▶ **Task item**
Output the data word for word, dropping every image.

(Data in this exercise begins)

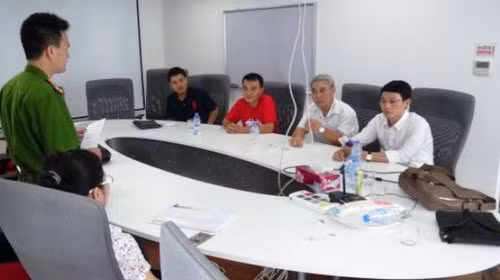 Cơ quan công an làm việc với lãnh đạo Công ty cổ phần Sgame.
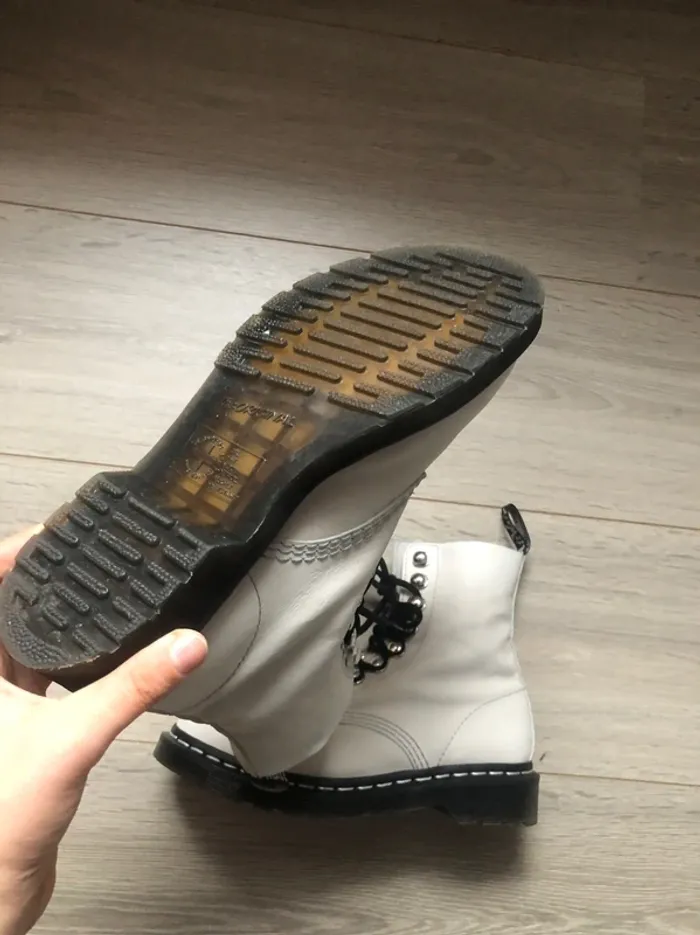 Bottes Dr. Martens - photo numéro 7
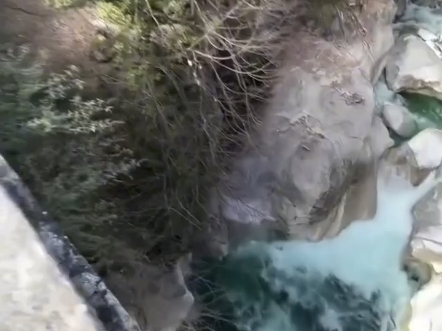 为什么悬崖跳水之前要扔下一块石头 #悬崖跳水 #科普 #奇怪的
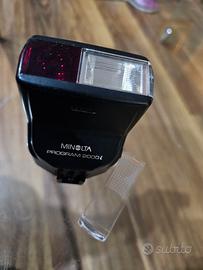 Minolta Program 2000i flash 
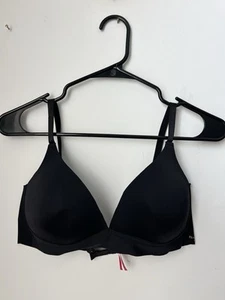 Seamless Black Bra Size 38C Isaac Mizrahi - Picture 1 of 8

(Data in this exercise ends)

▶ **Answer section**
 Cơ quan công an làm việc với lãnh đạo Công ty cổ phần Sgame.
 Bottes Dr. Martens - photo numéro 7
 为什么悬崖跳水之前要扔下一块石头 #悬崖跳水 #科普 #奇怪的
 Minolta Program 2000i flash 
 Seamless Black Bra Size 38C Isaac Mizrahi - Picture 1 of 8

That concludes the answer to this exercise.